"Vous vous réveillez un beau matin vers la fin de l'automne et vous remarquez que la teinte de toutes les choses a changé. Le ciel a des nuances de perle plus profondes. Le soleil se lèvre comme une boule de sang, et il y a de la neige sur l'Albanie. La mer est de plomb, apathique, et les oliviers sont d'un gris platine intense.
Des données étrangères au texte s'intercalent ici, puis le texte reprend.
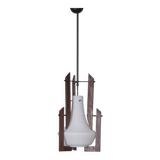 VINTAGE 1950S WOOD AND GLASS CHANDELIER DESIGNED BY ICO PARISI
Des feux fument dans les villages, et l'haleine de Maria forme un petit nuage blanc devant sa bouche quand elle emmène ses moutons vers la pointe. Elle reste toute la matinée accroupie parmi les fougères et les myrtes, en chantant de sa petite voix fatiguée de sorcière, tandis que les clochettes de ses moutons tintent tristement autour d'elle. Enveloppée dans une couverture rapiécée, chaussée de vieilles savates de cuir, elle file une laine grossière sur sa quenouille. Plus tard, sur le métier de la remise, Hélène tissera les rudes couvertures de couleur que les bergers emportent avec eux quand ils gardent leurs moutons au début de l'hiver. Maria regarde les jeunes femmes qui cueillent les olives, et crache d'un air méprisant avant de reprendre sa petite chanson - qui parle de deux corbeaux perchés sur un olivier. Au loin, sur le chenal la silhouette noire d'un bateau immobile, comme un insecte posé sur une feuille. Il est temps de couper des bûches pour la grande cheminée que nous avons construite nous-mêmes, et qui empliront notre salle de la riche odeur de cyprès, de goudron, de vernis et d'huile de lin. Il est temps de se préparer aux premières bourrasques."
Lawrence Durrell, L'île de Prospero.
Lawrence Durrell, L'île de Prospero.